The pair are thought to have met through mutual friends. Henson is an employee by a food ingredients company in London.
Their engagement announcement came in 2023 after two years of dating. The Duke popped the question at Eaton Hall in Cheshire and the pair shared the news with a characteristically casual photograph.
Billionaire footprint
When his father died in August 2016, Grosvenor gained the 7th Dukedom and financial inheritance of about £9 billion. However, he is not the owner of this sum — he cannot spend it as he wishes, he is merely a beneficiary. This means he was afforded inheritance tax exemption which, needless to say, was widely reported on and attracted significant criticism.
The property company Grosvenor Group makes up the lion’s share of the duke’s wealth. He is the owner and chair of the business, which has a portfolio of properties worldwide.

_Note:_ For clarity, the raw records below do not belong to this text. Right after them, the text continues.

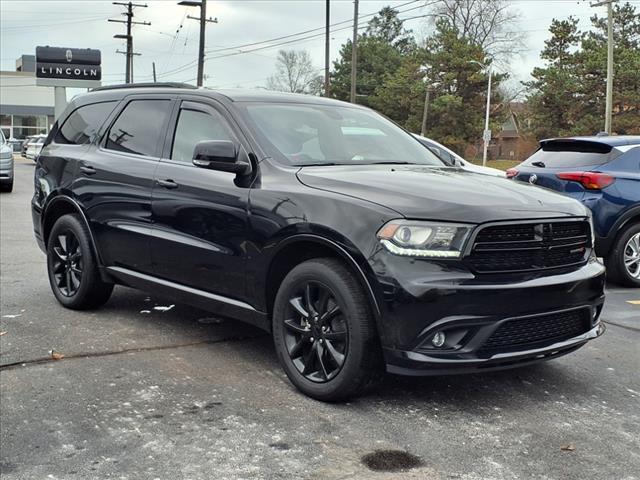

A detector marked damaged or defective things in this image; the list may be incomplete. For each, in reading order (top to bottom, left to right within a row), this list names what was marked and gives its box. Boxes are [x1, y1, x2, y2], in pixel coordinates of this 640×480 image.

pavement crack [0, 334, 266, 372] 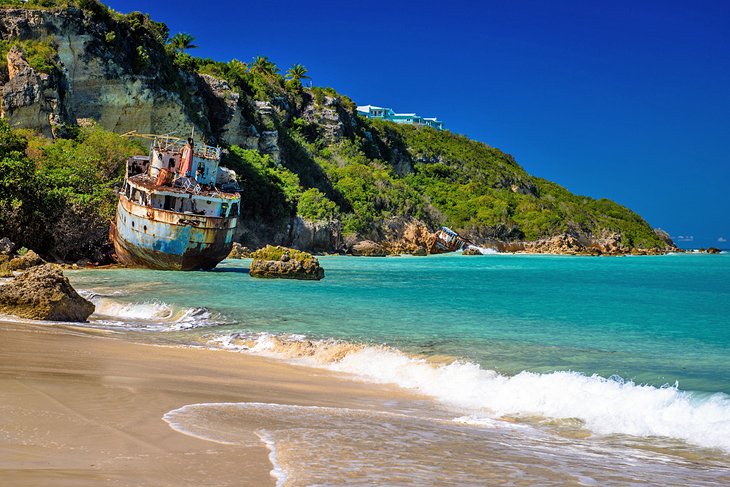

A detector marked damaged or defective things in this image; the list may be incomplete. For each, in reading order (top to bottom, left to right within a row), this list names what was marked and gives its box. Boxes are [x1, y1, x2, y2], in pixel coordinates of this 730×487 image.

rusty ship hull [111, 196, 236, 270] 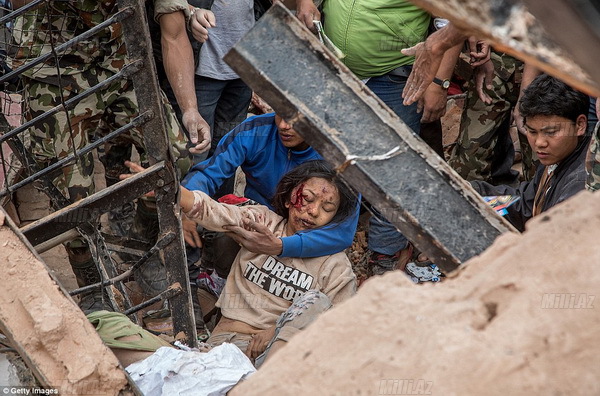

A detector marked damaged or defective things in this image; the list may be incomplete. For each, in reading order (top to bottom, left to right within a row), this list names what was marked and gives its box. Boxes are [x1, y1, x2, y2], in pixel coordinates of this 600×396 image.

rusted metal frame [0, 5, 132, 85]
rusted metal frame [404, 0, 600, 99]
rusted metal frame [0, 62, 142, 147]
rusted metal frame [0, 111, 152, 198]
rusted metal frame [21, 161, 170, 244]
rusted metal frame [115, 0, 195, 344]
rusted metal frame [223, 5, 512, 272]
rusted metal frame [70, 232, 177, 296]
rusted metal frame [123, 284, 184, 318]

The 2025 Sunday Times Rich list placed him at number 14, with an estimated fortune of £9.884 billion. He remains the richest man under 40 in the UK on the list.
Charitable endeavours
The duke includes ongoing charitable work in his timetable, backing organisations that have both a personal and universal significance to him and his family.
He is chair of trustees of the Westminster Foundation, through which vulnerable youth and their families are supported and given opportunities which otherwise elude them. He also supports the Defence and National Rehabilitation Centre, a charity set up by his father which supports wounded British military veterans.

During the pandemic, Grosvenor donated £12.5 million to support the NHS as it struggled to cope with the pressures of the deadly Covid-19 virus. He donated a further £1 million to the University of Oxford to fund research projects on Covid-related mental health issues.
“On behalf of my family and everyone at the Grosvenor Estate, I want to say a huge thank you to all our amazing NHS staff and everyone providing critical frontline services,” he said at the time. “We are all humbled and incredibly grateful that you are working tirelessly to keep us safe and keep the country functioning. NHS staff and key workers don’t work in isolation. They have children and families whose health and wellbeing will also be highly impacted by this crisis. As they keep us safe, I want to help provide as much support to them and their families as we can.”
Oh...and he’s an Olympian
The duke has represented the UK at Olympic skeet shooting competitions. Skeet shooting is a version of clay shooting and relies on participants hitting a moving target.
Family life with Henson and their new addition

Grosvenor and Henson got married on 7 June at the stunning Chester Cathedral, with close friend Prince William serving as the Duke’s usher. Henson wore a bespoke ivory silk crepe satin dress and veil designed by Emma Victoria Payne. Her tiara was one which had been in the Grosvenor family since 1906.
The Duke described the wedding to the Chester Standard as a “big, big thing for the city.”
The Duke and Duchess now reside primarily in Eaton Hall in Cheshire, his family’s country estate. They welcomed a baby girl in London on 27 July named Cosima Florence Grosvenor.